- Born: 10 April 1972 (age 54) Abatete in Idemili North L.G.A of Anambra State
- Education: University of Essex, University of East London, Nnamdi Azikiwe University, Coventry University
- Occupations: Human Rights, Political and Igbo-Biafra activist
- Known for: Biafra Activism

= Uche Mefor =

Pro-Biafra activist

Alphonsus Uche Okafor-Mefor (born April 10, 1972) also known as Uche Mefor is a British-Nigerian pro-Biafra political activist. He was the deputy director of Radio Biafra and former deputy leader of the Indigenous People of Biafra (IPOB) led by Nnamdi Kanu.

== Career ==
Okafor-Mefor has been a pro-Biafran activist for years. Before joining IPOB, Mefor was a devoted member of Movement for the Actualization of the Sovereign State of Biafra (MASSOB) and the Biafra Actualization Forum. He was a former deputy leader of the Indigenous People of Biafra (IPOB).
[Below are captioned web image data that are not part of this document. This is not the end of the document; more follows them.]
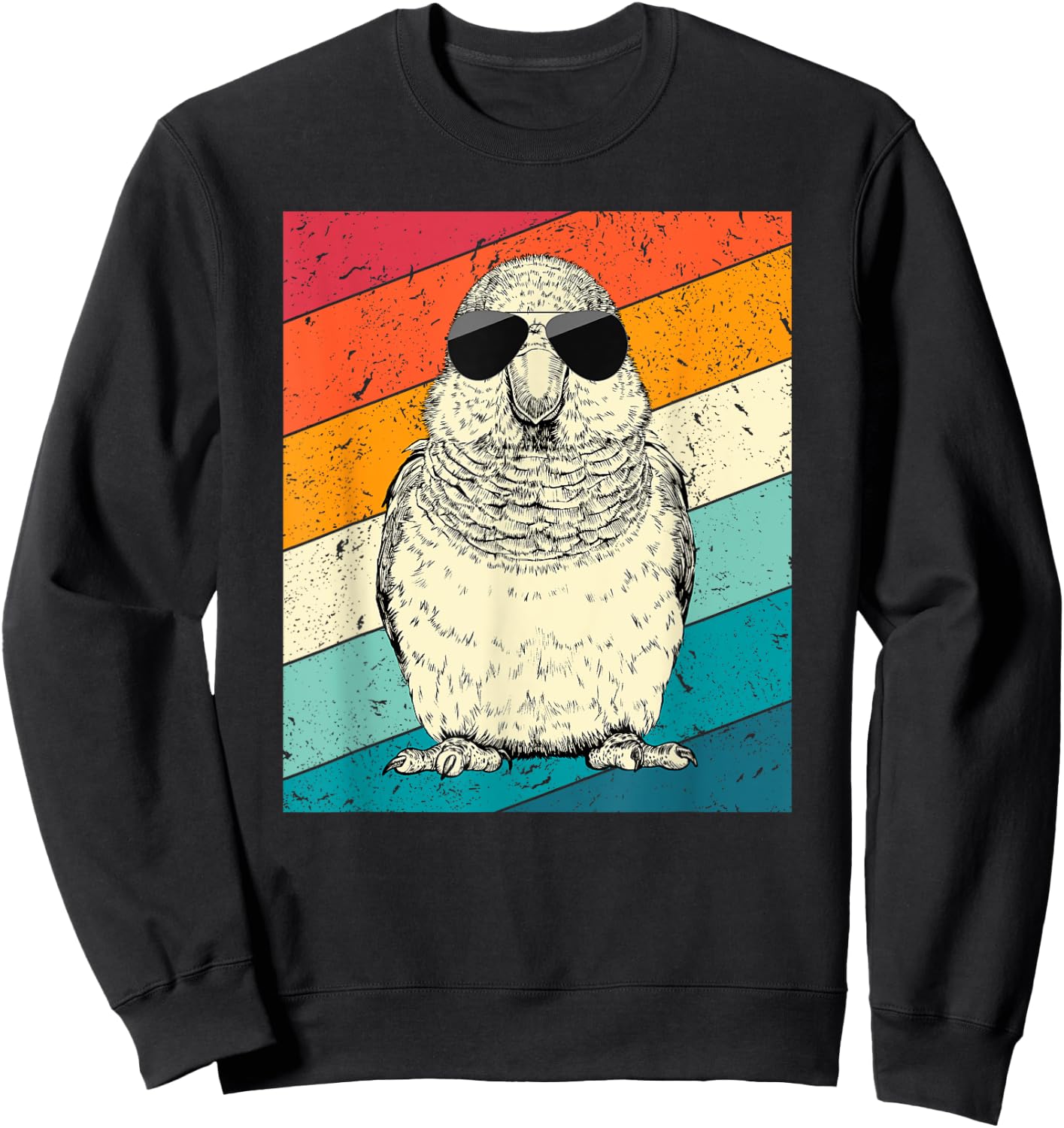 Retro Vintage Quaker Parrot with Sunglasses Bird Lovers Sweatshirt - Sweatshirt | Black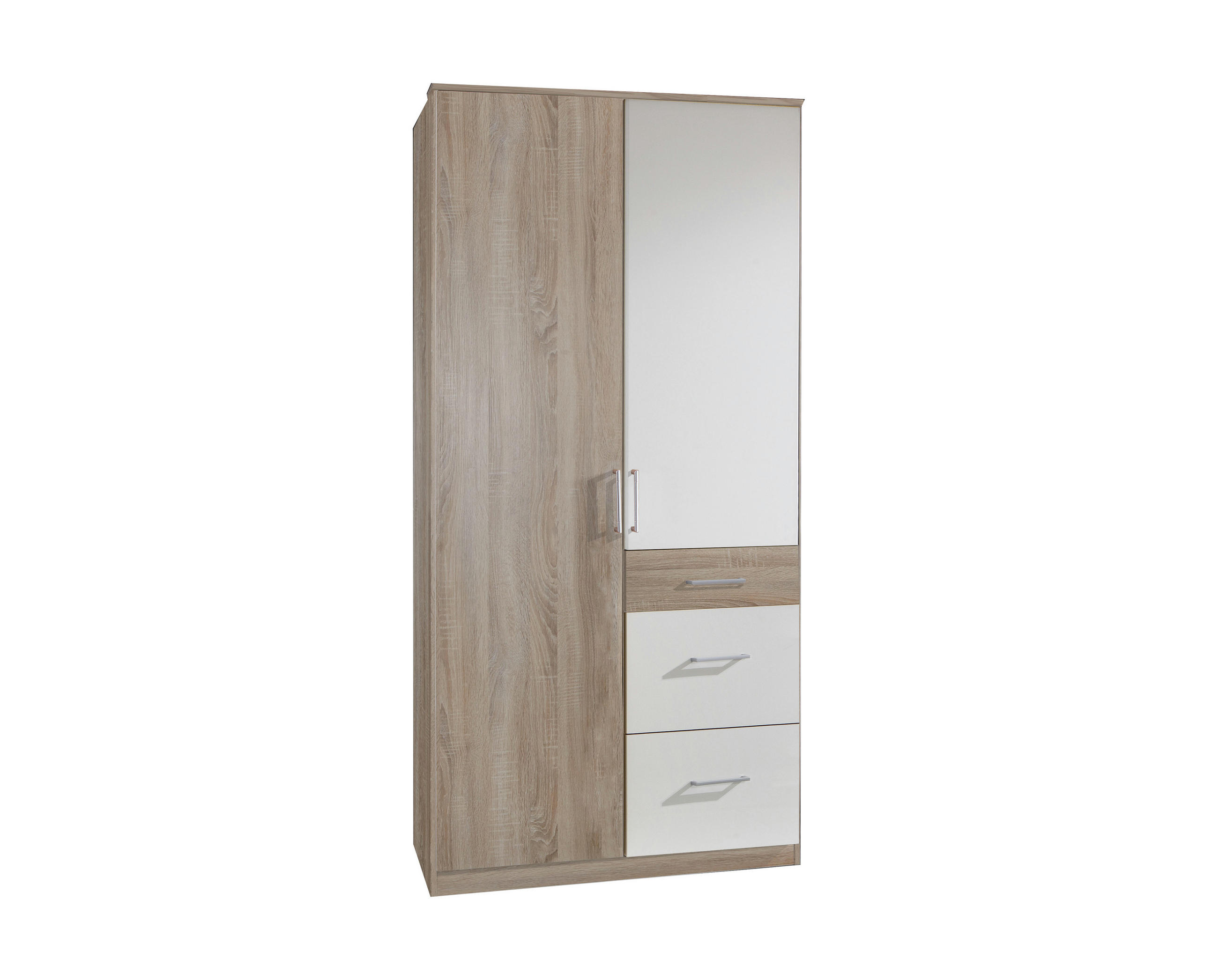 DREHTÜRENSCHRANK Click in Eiche Sägerau mit Weiß - 91 cm Breite - Braun, Holzwerkstoff (91/199/58cm)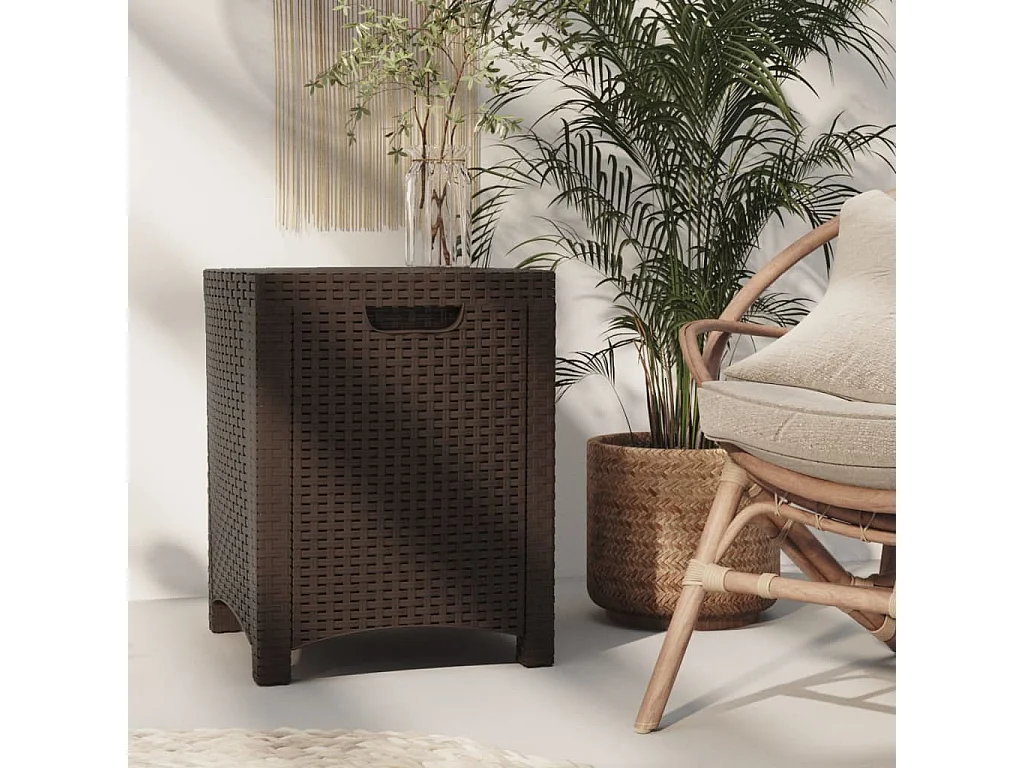 Baule da giardino 39x39x46 cm PP Rattan Marrone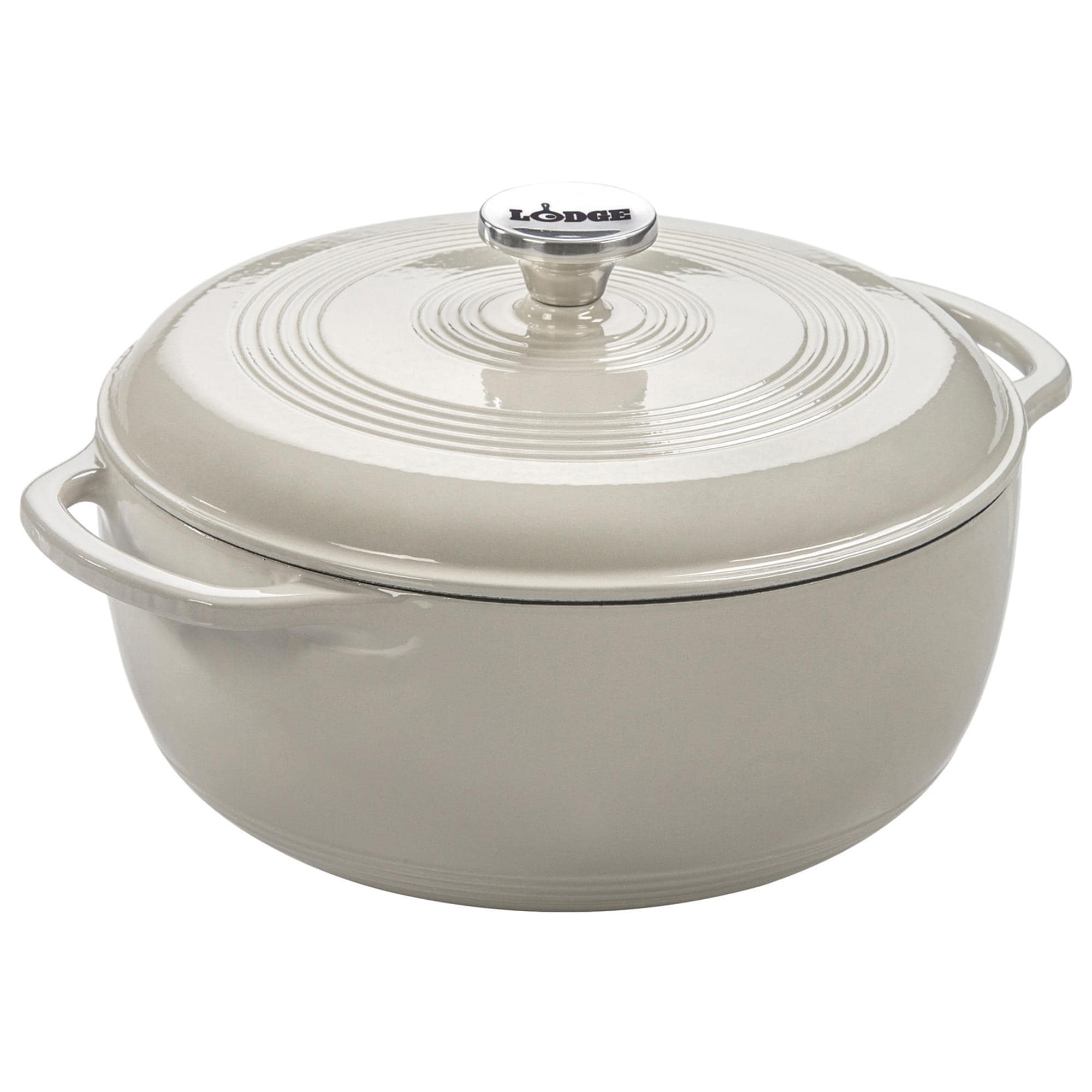 Lodge Cast Iron 6 Quart Enameled Cast Iron Dutch Oven in Oyster Shop NFM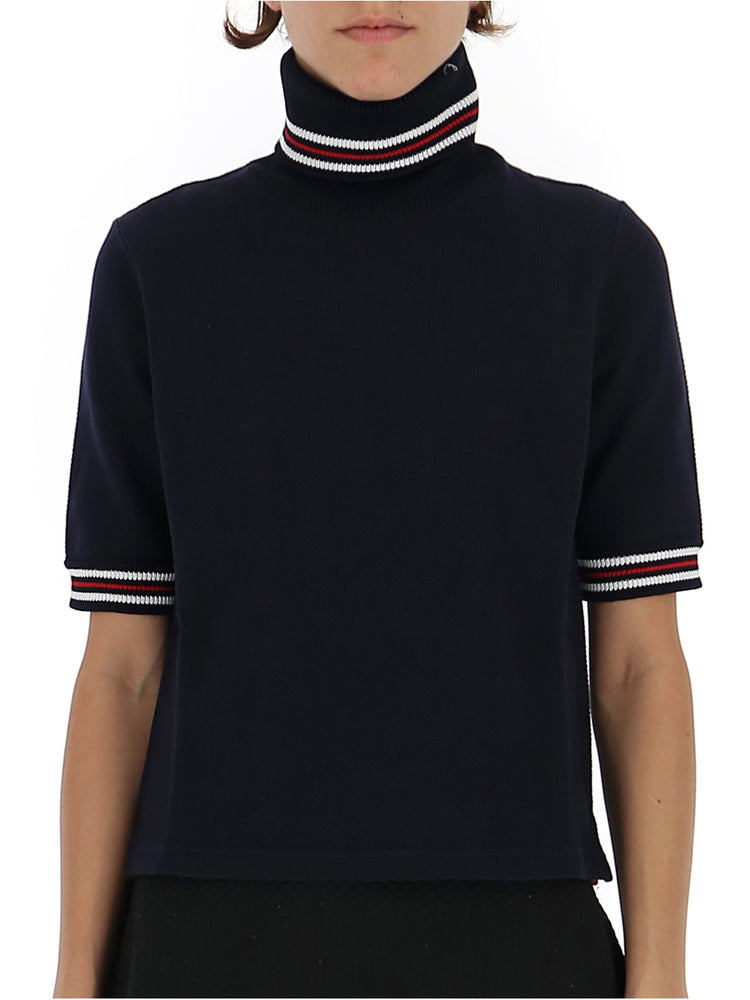 THOM BROWNE THOM BROWNE STRIPED TRIM TURTLENECK BLOUSE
Around mid-2020, it was claimed Okafor-Mefor openly confronted his colleague, Nnamdi Kanu, on religious bigotry, incitement to violence, and policy issues surrounding the running of IPOB as an organisation. This led him to separate from Nnamdi Kanu.

After resigning his position as IPOB Deputy Leader in November 2020, Okafor-Mefor floated his own radio station which he called the Biafra Human Rights and Freedom Radio (BHFR). He has since acted as the Head of Information and Communication of the Biafra De Factor Customary Government. He also founded the Igbo-Biafra Nationalist Movement and the Indigenous People of Igbo Nation for Self-Determination (IPINS).